* Task objective
Set down the listing exactly as given, minus images.
Record extracts: Begin
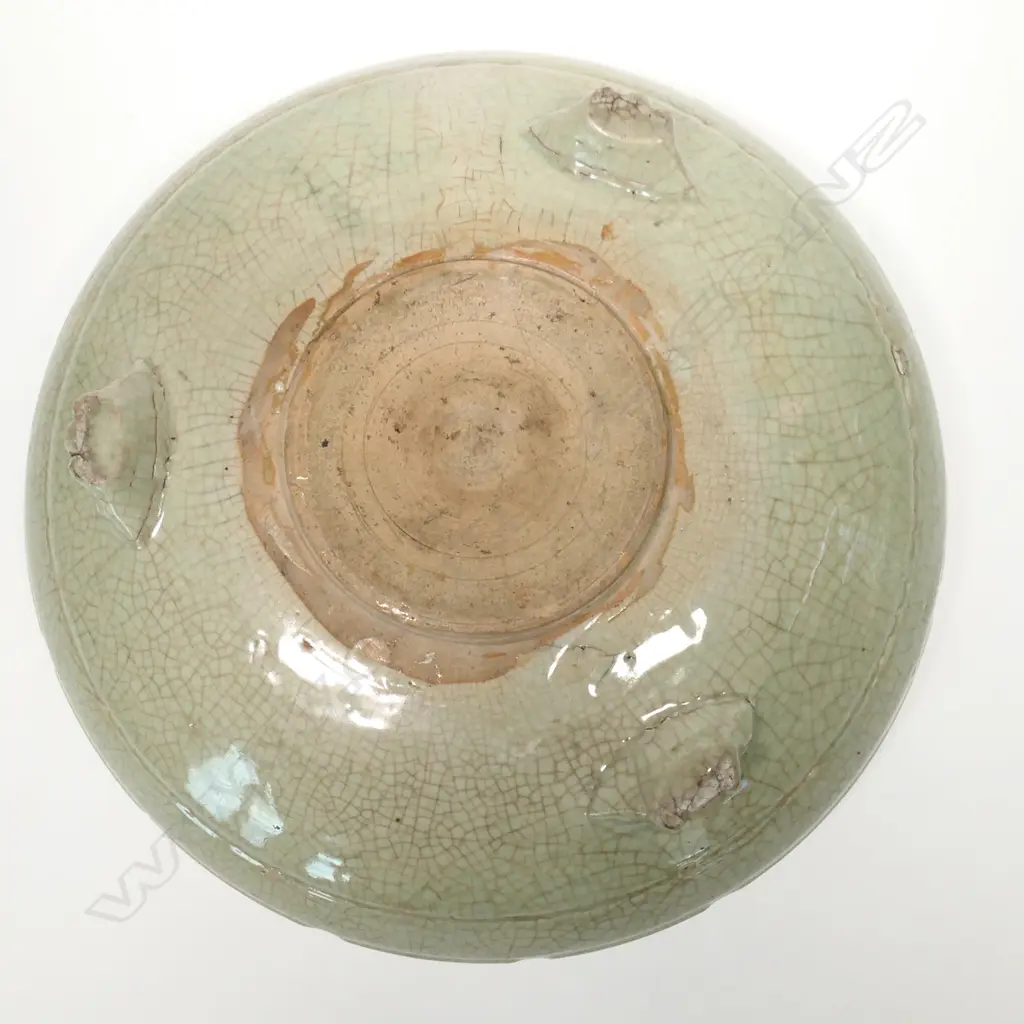 A Ming Dynasty Longquan celadon tripod censer Image 1++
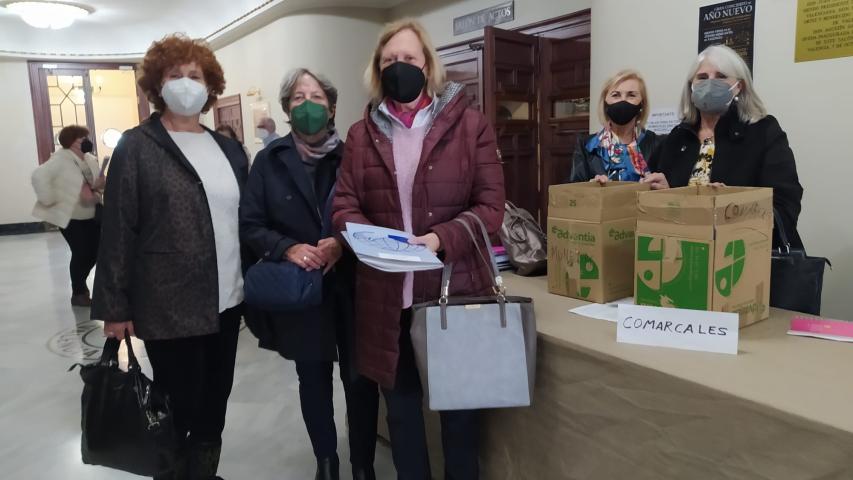 Reparto de información a los representantes de comarcales.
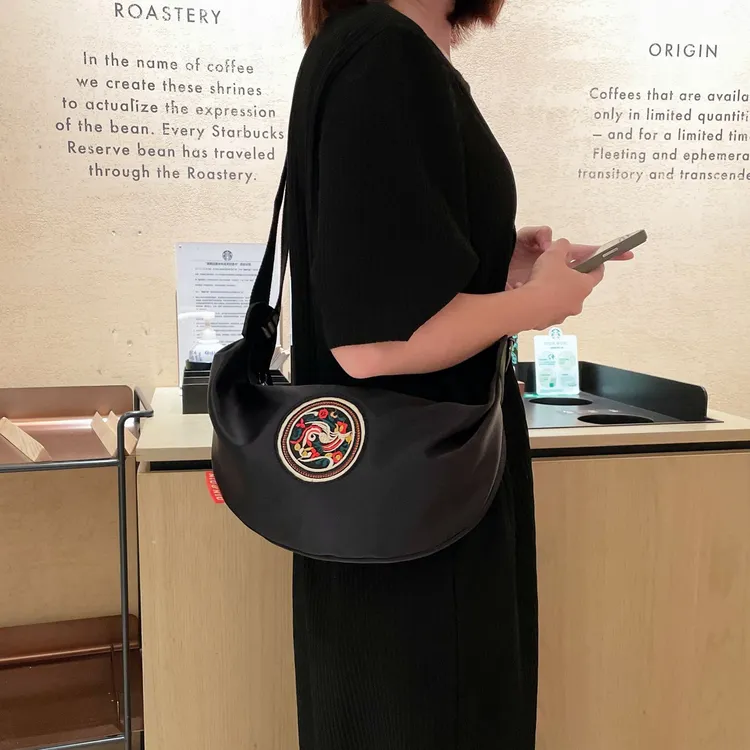 达芙世家轻便个性包女2025新款时尚百搭旅游斜挎包休闲运动饺子包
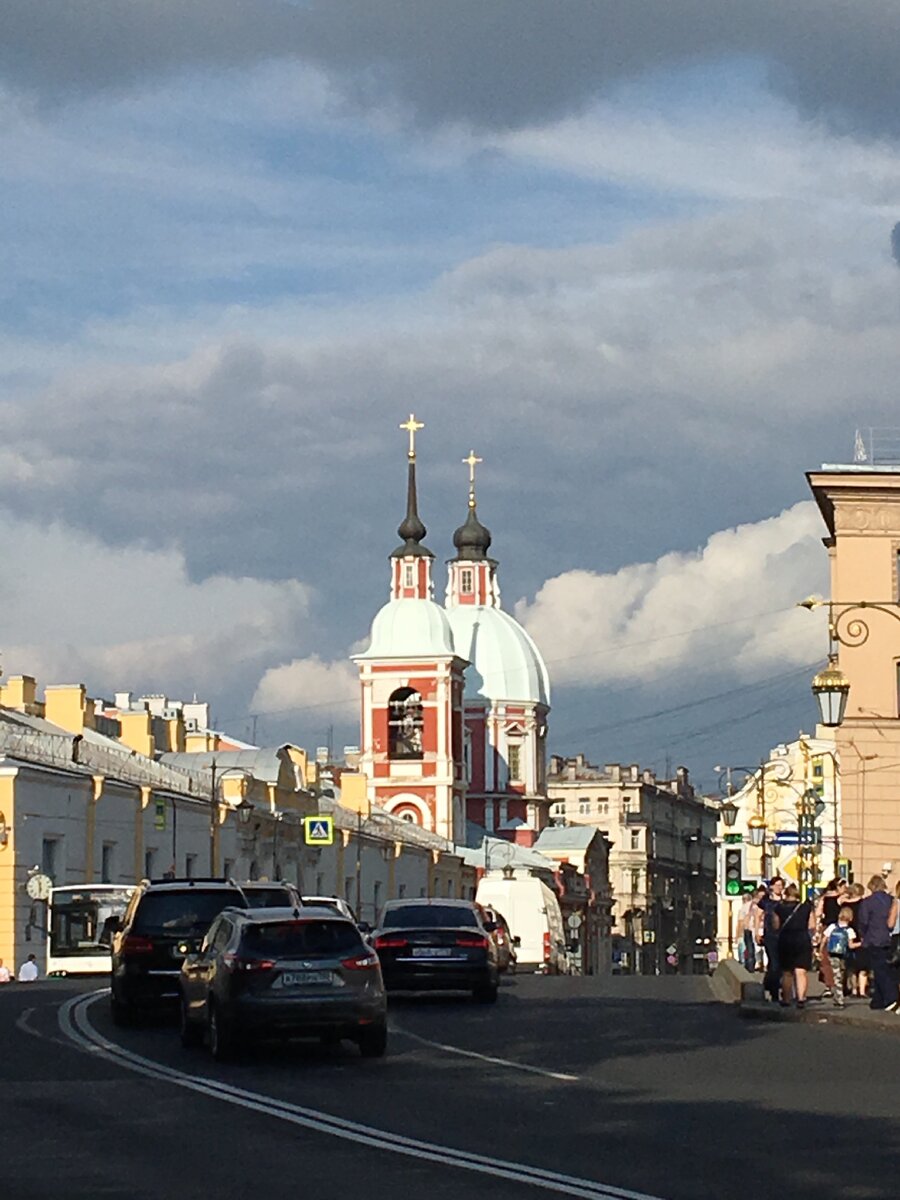 Вид на Пантелеймоновскую церковь со стороны Летнего сада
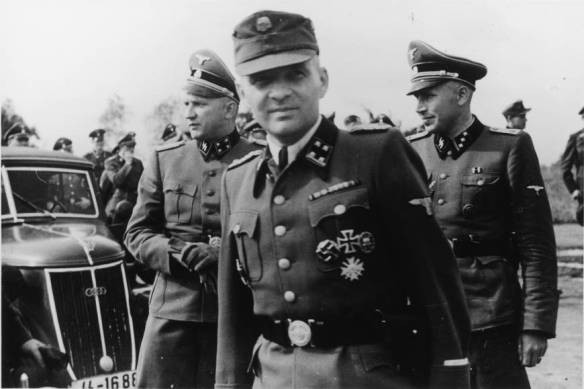 Vào năm 1940, Stangl nhận nhiệm vụ trực tiếp từ Heinrich Himmler, "cánh tay phải" của Hitler, thực hiện chương trình Aktion T4 - chương trình "trợ tử" (euthanasia).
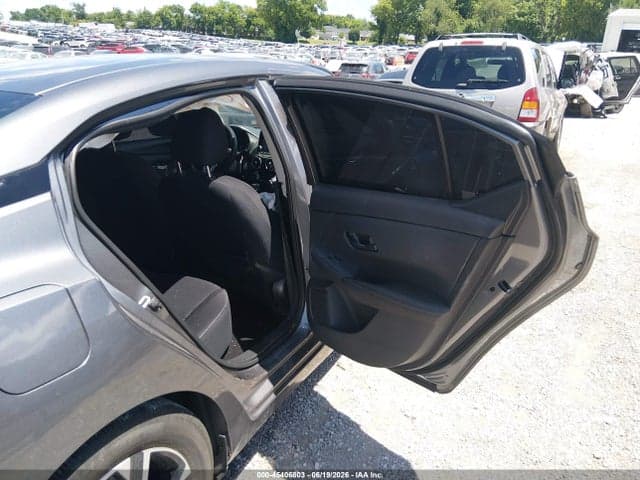 2024 NISSAN SENTRA SV XTRONIC CVT 8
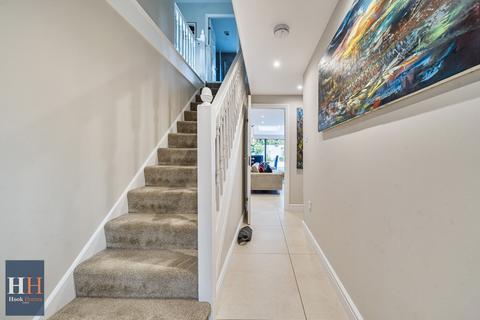 1 Lees Meadow, Hook, RG27 9RZ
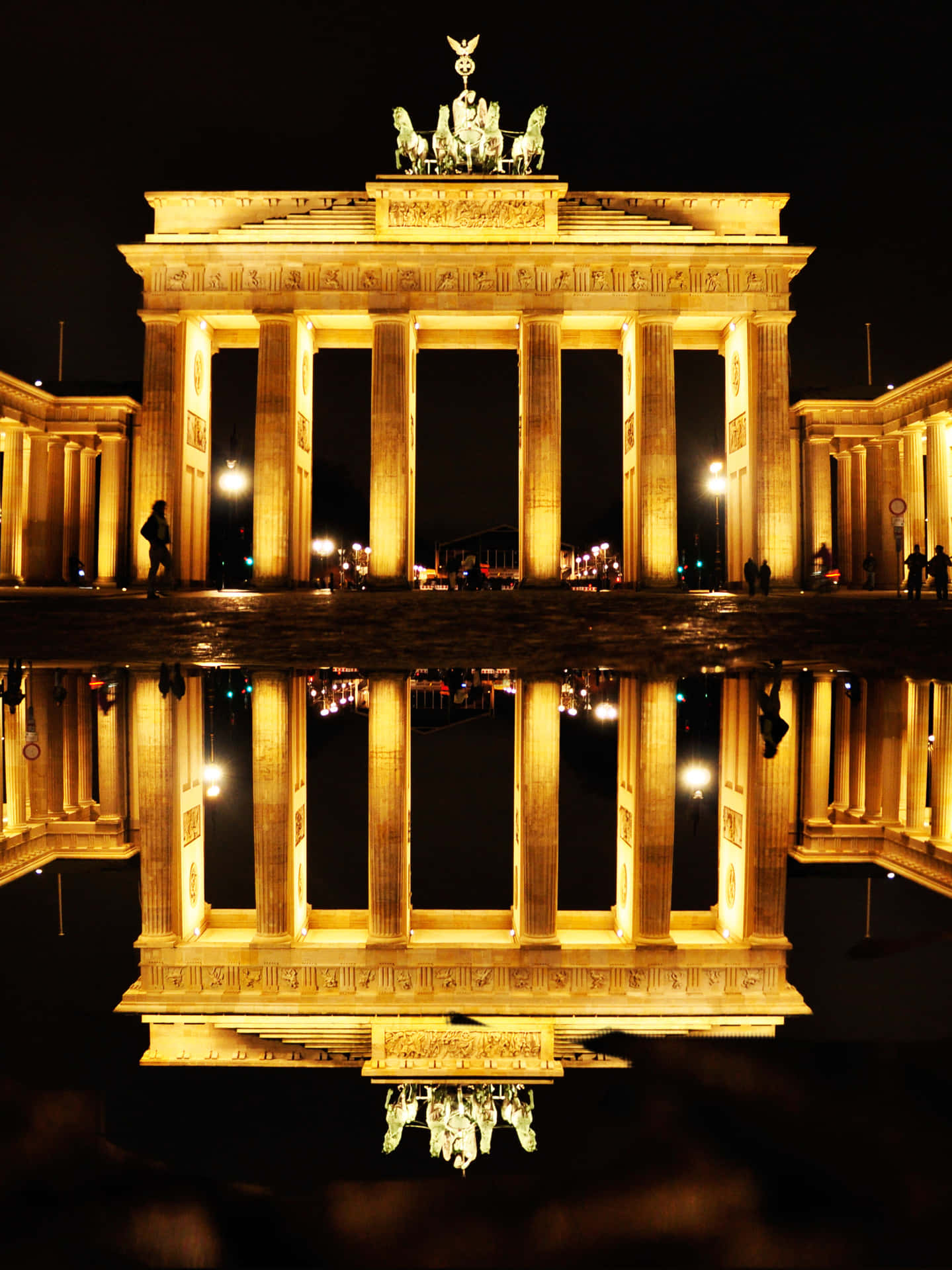 Download Brandenburg Gate At Night Wallpaper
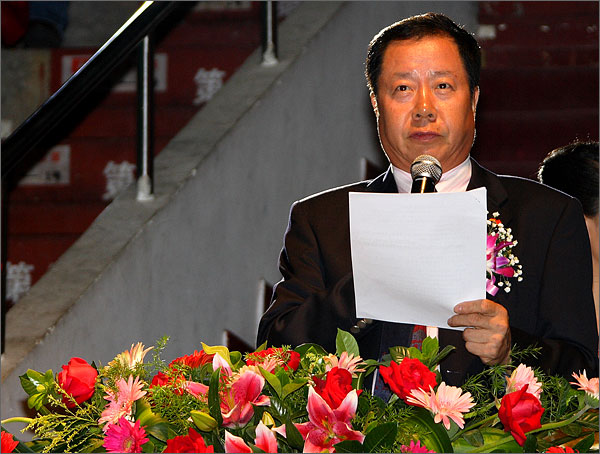 深圳市貿易工業局黨組成員、深圳市世貿組織事務中心主任、外運會組委會副主任張金生主持了開幕式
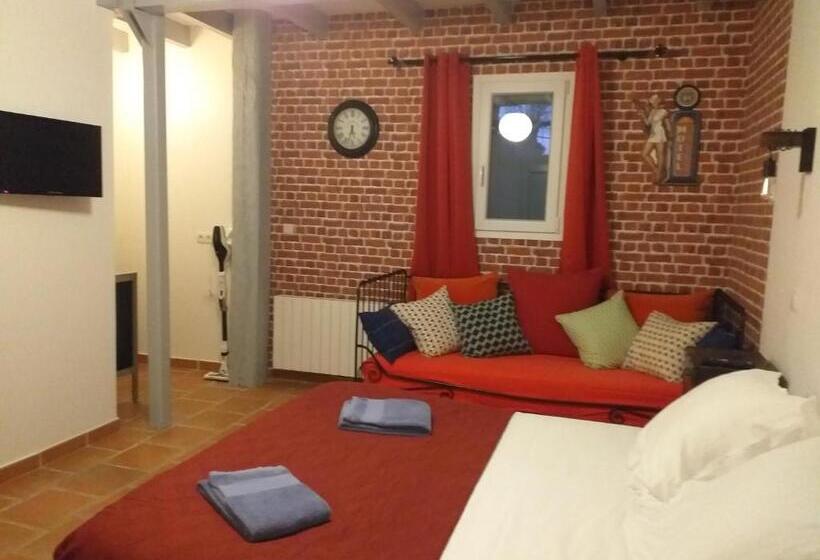 트리플 클래식 룸, Le Clos De La Fontaine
Record extracts: End
* Task response
 A Ming Dynasty Longquan celadon tripod censer Image 1++
 Reparto de información a los representantes de comarcales.
 达芙世家轻便个性包女2025新款时尚百搭旅游斜挎包休闲运动饺子包
 Вид на Пантелеймоновскую церковь со стороны Летнего сада
 Vào năm 1940, Stangl nhận nhiệm vụ trực tiếp từ Heinrich Himmler, "cánh tay phải" của Hitler, thực hiện chương trình Aktion T4 - chương trình "trợ tử" (euthanasia).
 2024 NISSAN SENTRA SV XTRONIC CVT 8
 1 Lees Meadow, Hook, RG27 9RZ
 Download Brandenburg Gate At Night Wallpaper
 深圳市貿易工業局黨組成員、深圳市世貿組織事務中心主任、外運會組委會副主任張金生主持了開幕式
 트리플 클래식 룸, Le Clos De La Fontaine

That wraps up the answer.